BEGIN Stored data

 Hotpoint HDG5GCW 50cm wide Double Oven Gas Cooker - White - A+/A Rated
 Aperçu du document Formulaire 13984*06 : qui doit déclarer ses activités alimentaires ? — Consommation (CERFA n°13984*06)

END Stored data
BEGIN Stored data

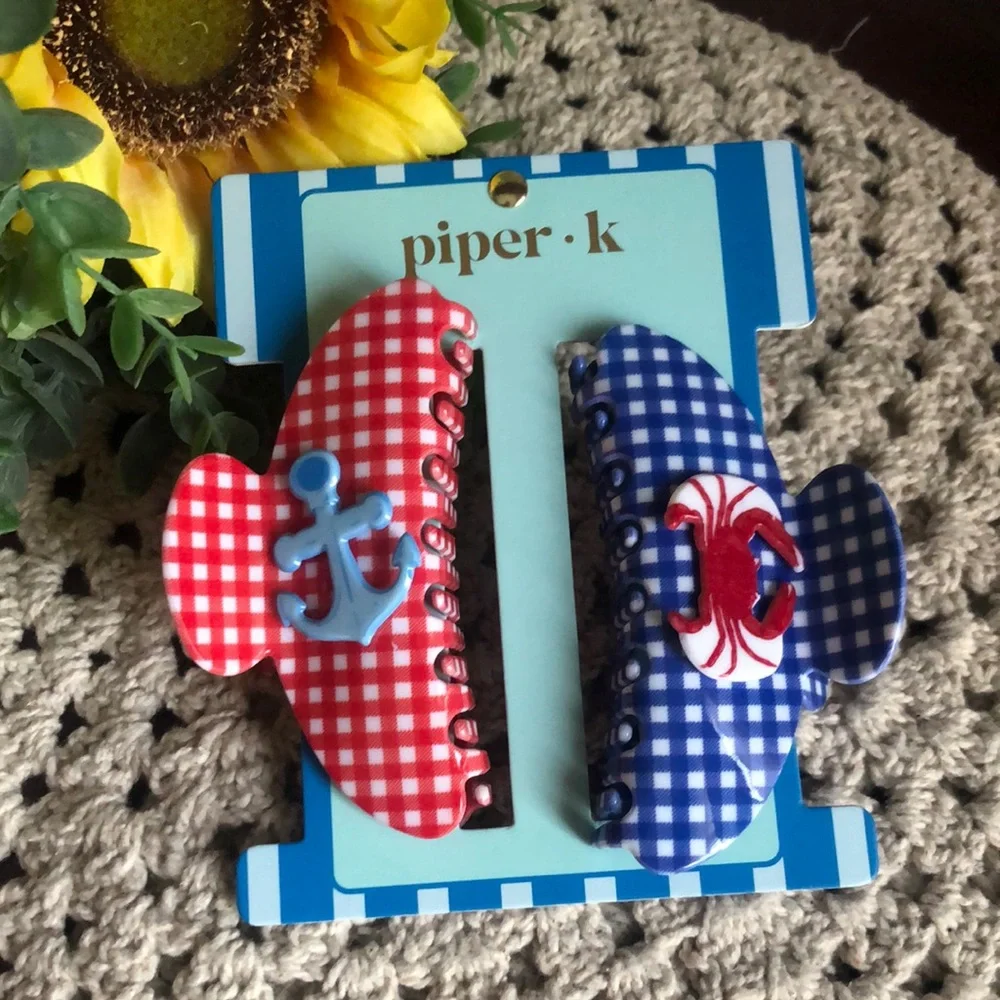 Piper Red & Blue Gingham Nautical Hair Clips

END Stored data
BEGIN Stored data

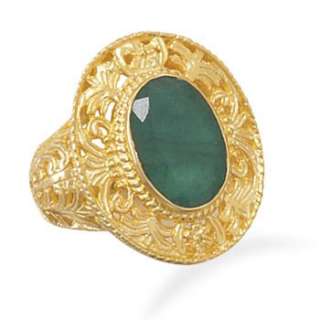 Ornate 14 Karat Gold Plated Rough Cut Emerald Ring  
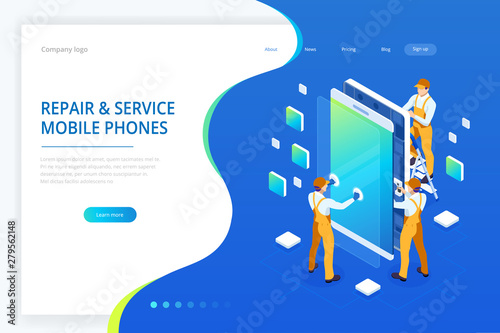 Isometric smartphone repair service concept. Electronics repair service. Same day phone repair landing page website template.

END Stored data

» **What is expected**: Set down, exactly as they stand above, the lines starting with the line with "Hotpoint HDG5GCW 50cm" and going on through the line with "Aperçu du document", and no others.

» **Worked solution**:
 Hotpoint HDG5GCW 50cm wide Double Oven Gas Cooker - White - A+/A Rated
 Aperçu du document Formulaire 13984*06 : qui doit déclarer ses activités alimentaires ? — Consommation (CERFA n°13984*06)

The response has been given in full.